"Find your place, dig in, and defend it." --Gary Snyder
Wade Davis describes the enduring relationship between the tribes of Peru and the land. The Inca did not worship their shrines, which the Spanish could destroy, but the land itself. In their daily life and rituals, they defined their place and proclaimed their sense of belonging. (One River, p.438)
“The physical characteristics that bear on group identity extend in critical ways to the place, the land, the soil to which the group is attached, literally, historically, mythically. (Idols of the Tribe).

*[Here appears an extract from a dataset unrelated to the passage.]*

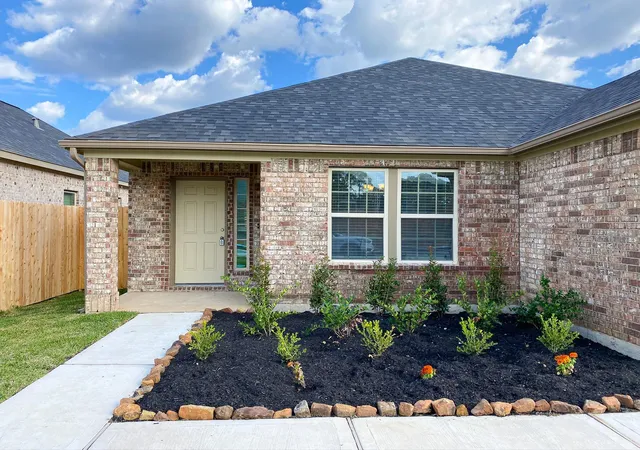 Single family home for sale at 2212 Manila Ln, La Marque, TX 77568 | MLS# 60046532 | Listing updated on 2025-08-18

Territory has a critical role to play in maintaining group separateness; without it, a nationality has difficulty becoming a nation, and a nation cannot become a state. In the most literal sense, the physical environment has to be seen as the extension of the physical being of people.
Oliver Sachs describes how his paralyzed leg had "vanished, taking its place with it...The leg had vanished taking its 'past' away with it. I could no longer remember having a leg." (See Oliver Sachs, A Leg to Stand On, New York, 1984,)
More and more of us live in what Edward Said has called a "general condition of homelessness," a world where identities are coming to be deterritorialized, or differently territorialized. In a world of diaspora, transnational culture flows, and mass movements of populations, in which familiar lines between "here" and "there", center and periphery, colony and metropole become blurred.
Marc Augé reiterates the requirement of "recognition" as essential to place. "We all need places in which we recognise ourselves and in which others can recognise us as easily as we recognise them." (see: Non-Places: Introduction to an Anthropology of Supermodernity)
In Bit Cities, William Mitchell describes his e-mail address as both a place in some sense and a configuration of identity. He claims that this double usage reworks the Aristotelian notion of place as belonging.